WHAT TO WORK ON:
Only the lines from the one bearing "Abarth 595 1.4 Turbo T-Jet 145 CV" through the end of the entries should be output, exactly as they stand, and pictures should be skipped.
(Beginning of SUPPLIED DATA)
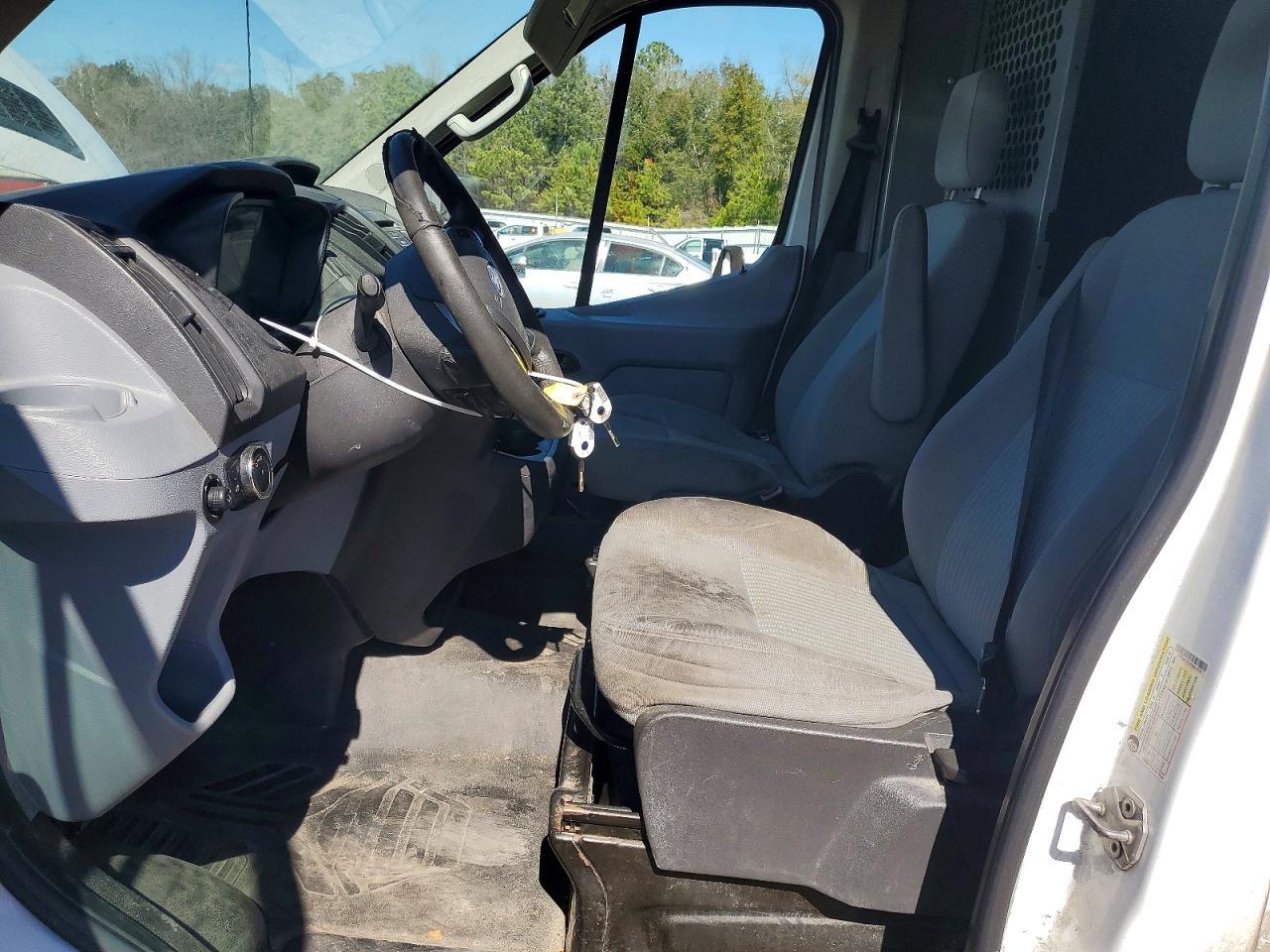 2015 Ford Transit T-350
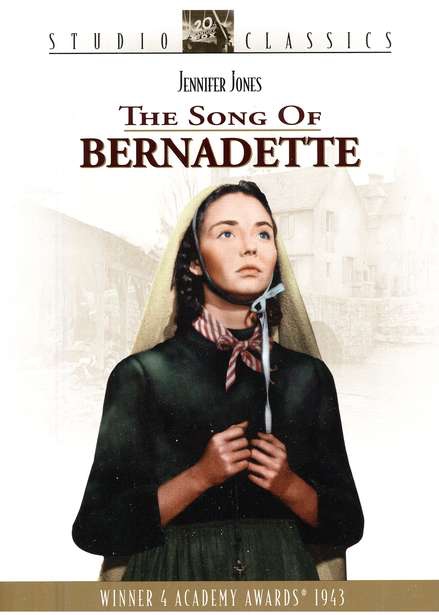 The Song of Bernadette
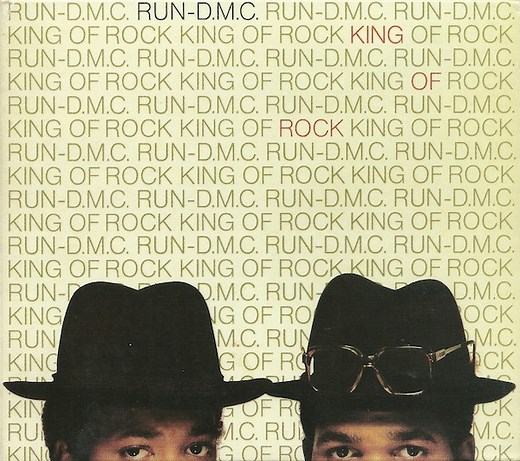 Run-DMC - King Of Rock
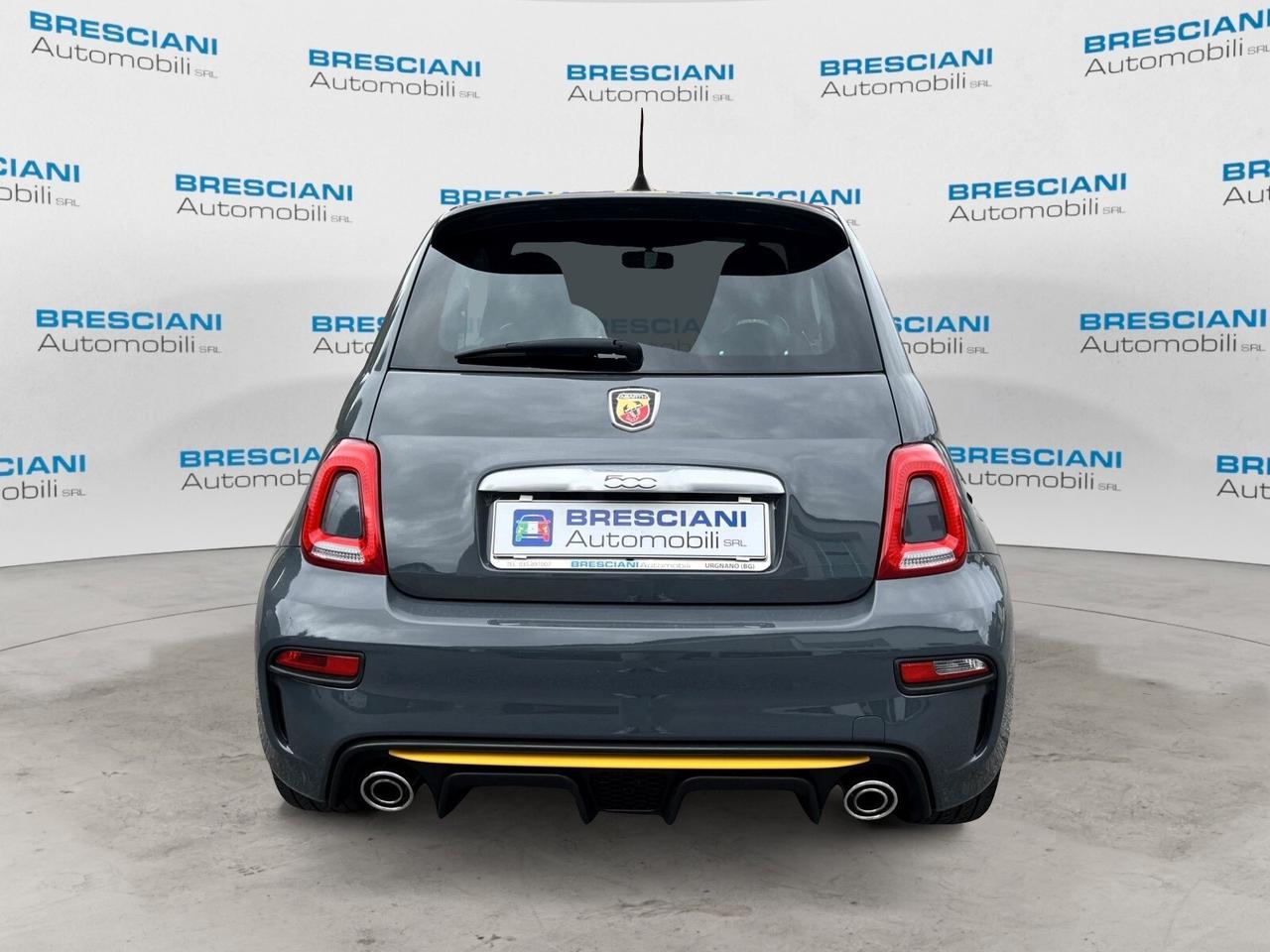 Abarth 595 1.4 Turbo T-Jet 145 CV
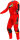 Leatt Ride Kit 3.5 Jr Red rot-schwarz-gelb M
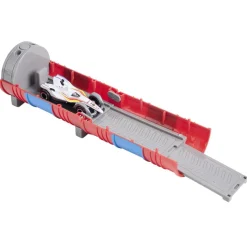 Voiture de course dans capsule avec catapulte et lanceur Ø7xH11cm (3 modèles) < Gifi Best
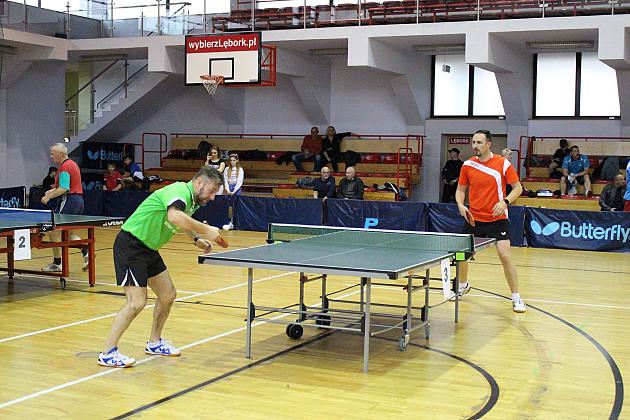 Otwarte Mistrzostwa Lęborka w Tenisie Stołowym 2019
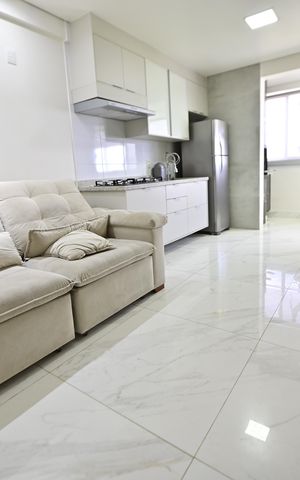 Apartamento para alugar com 52m², 1 quarto e 1 vaga Apartamento para alugar com 52m², 1 quarto e 1 vagaSala
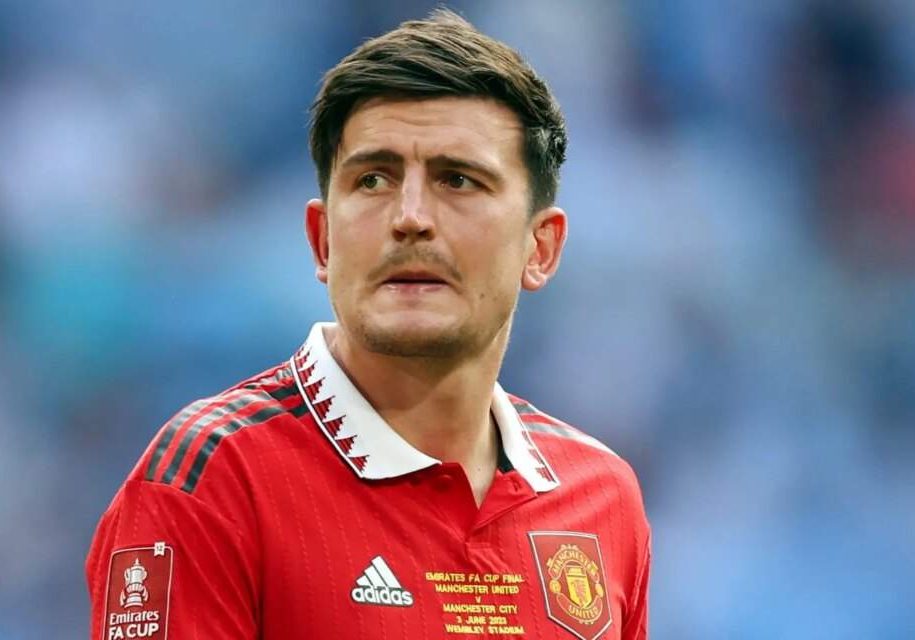 Maguire backs Ten Hag amid Uniteds struggles Maguire backs Ten Hag amid Uniteds struggles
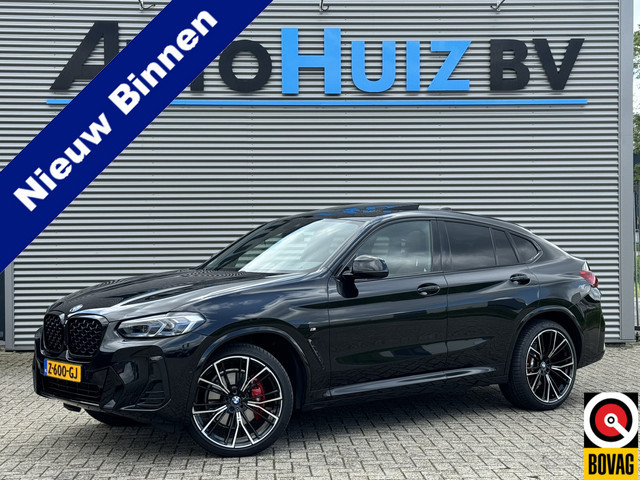 BMW X4 2022 Benzine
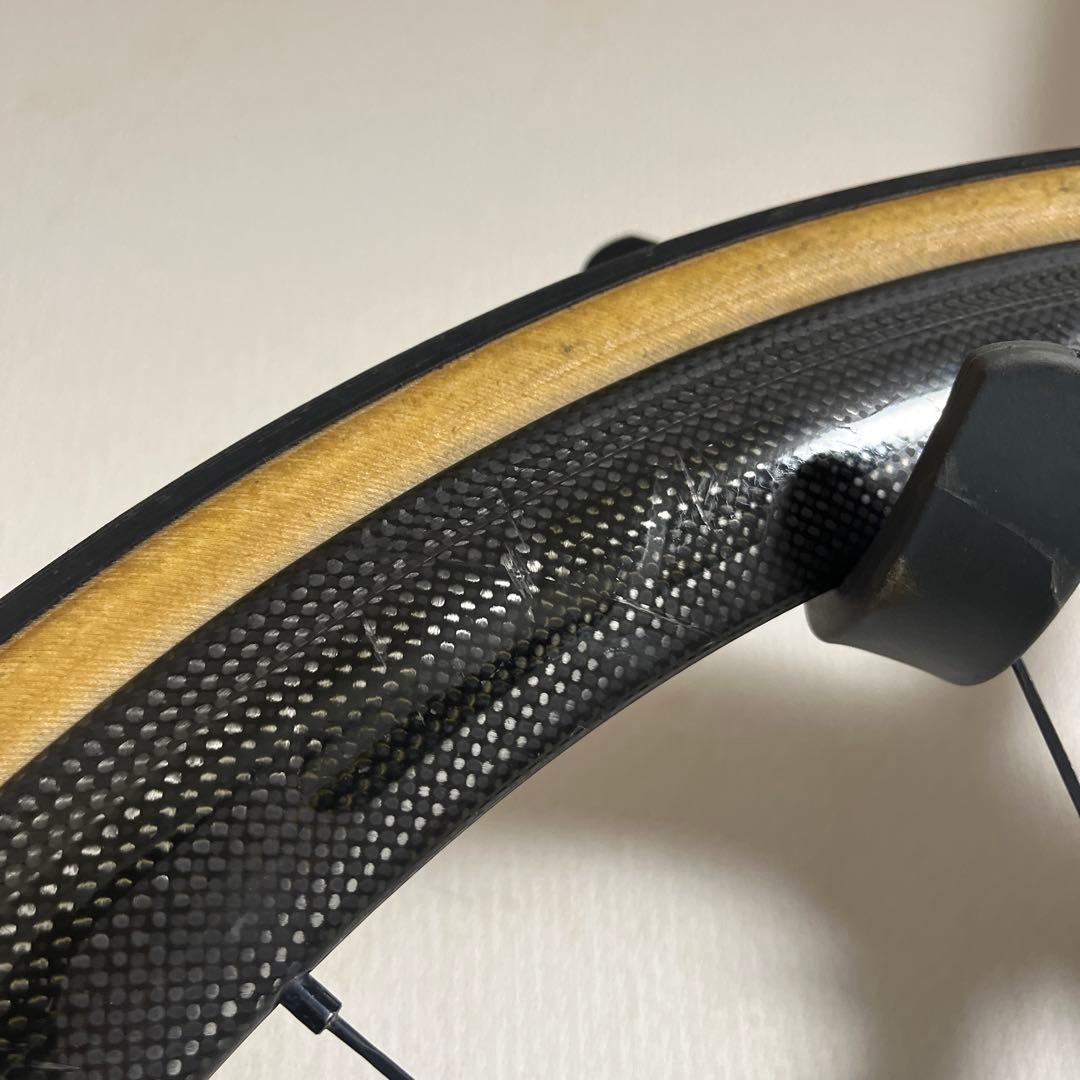 ず*だ様 Fulcrum SPEED 40 BLACK Edition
(End of SUPPLIED DATA)
THE ANSWER:
 Abarth 595 1.4 Turbo T-Jet 145 CV
 Leatt Ride Kit 3.5 Jr Red rot-schwarz-gelb M
 Voiture de course dans capsule avec catapulte et lanceur Ø7xH11cm (3 modèles) < Gifi Best
 Otwarte Mistrzostwa Lęborka w Tenisie Stołowym 2019
 Apartamento para alugar com 52m², 1 quarto e 1 vaga Apartamento para alugar com 52m², 1 quarto e 1 vagaSala
 Maguire backs Ten Hag amid Uniteds struggles Maguire backs Ten Hag amid Uniteds struggles
 BMW X4 2022 Benzine
 ず*だ様 Fulcrum SPEED 40 BLACK Edition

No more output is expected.